It's not going to surprise me if this gets put in Miscellaneous Math, or hurt my feelings, but I'm going to try to phrase things in order to avoid getting this thread switched over. I know I'm way out of my league with these questions, but a friend of mine, who I very much respect, brought these to my attention. He swore me to secrecy, for reasons I'm not prepared to disclose, so I'm going to be asking questions that may not seem to be connected.

(1) The Legendre symbol method of sieving,(sorry if this is nonsensical, I'm hoping I can make myself understood), is it 100% proven, or is it simply BELIEVED to be 100% effective?

(2) The idea that a Fermat prime cannot have odd prime factors in the exponent, is it proven, or just BELIEVED to be effective? If I give a number, like 2^68544+1, can you give me an actual factor with that information, or is it mathematics that makes you believe it has a factor? Are there ANY gaps in the reasoning?

(3) How many of the top-5000 primes have been tested via integer based math? After that twin prime fiasco with Intel, wouldn't it be better to test numbers with an integer based test after the normal test is run?

As I said, there's a lot of stuff that I'm suppressing on request. My friend has told me(approximate quote),"A lot of the stuff that people accept as fact is not true, so-and-so(note: I'm not telling who or what was mentioned, but it isn't George :) ) intentionally stacked the deck so that they would find the first 10-million digit prime. Because of this, a lot of primes on the top-5000 list are actually composite. You(jasong) have the necessary skills to figure it out with a good amount of work." From the way he said it(as I said, it's an approximate quote), it sounds like people have discovered what he discovered in the past(further than you would believe) and it is being suppressed.

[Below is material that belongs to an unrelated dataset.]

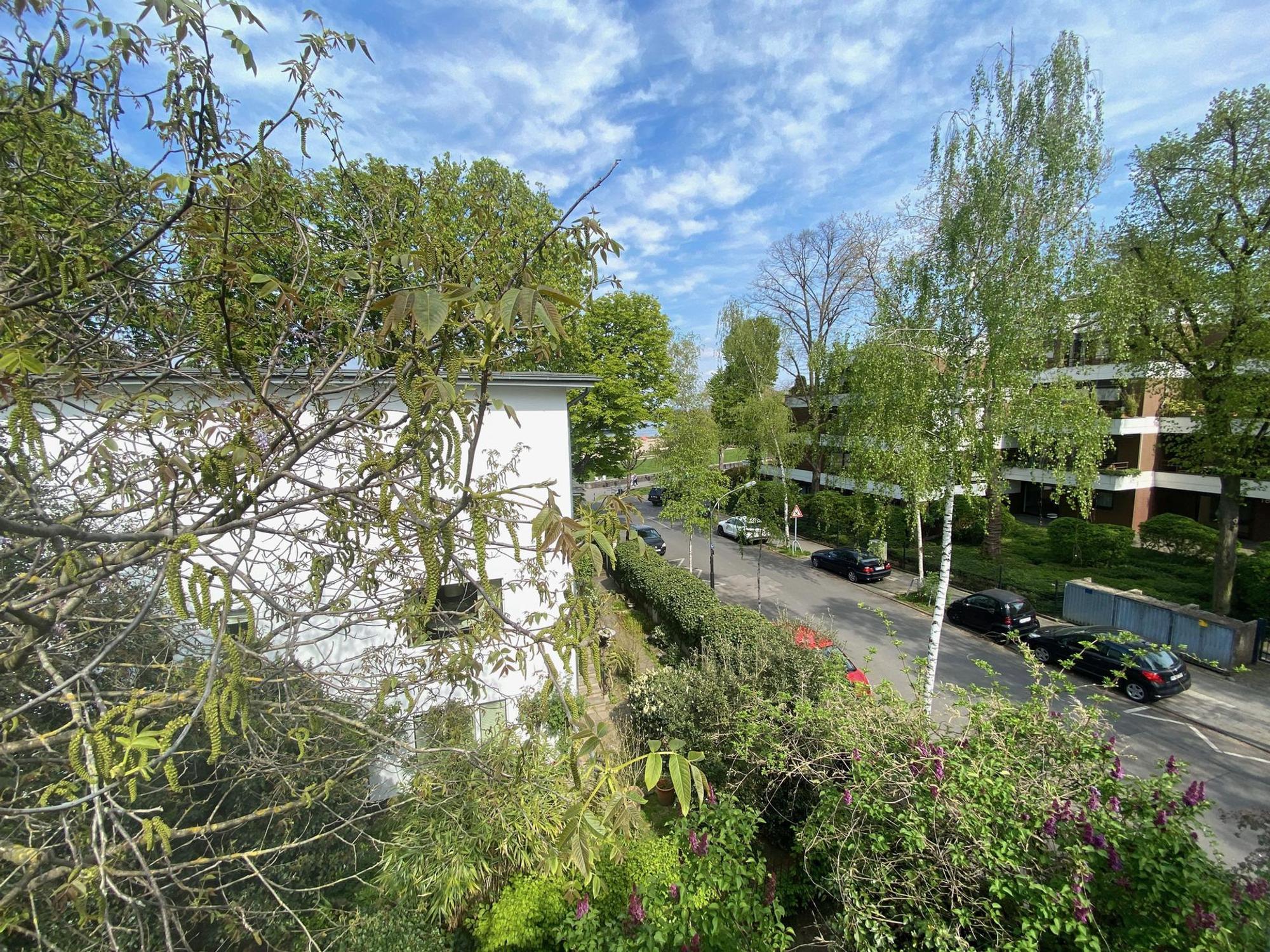 RK_Bauhaus_Blick von der Terrasse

Lastly, is there an integer based prime testing program that would work on an x86 LInux box? If I could get my hands on one and use it, I could establish 100% in my own mind that I wasn't simply being taken for a ride. I don't think my friend is a liar, but there are only two possibilities left, delusional and genius. I badly want to believe it's the latter, but I don't have the education to have a worthwhile opinion. Right now, it's totally up in the air.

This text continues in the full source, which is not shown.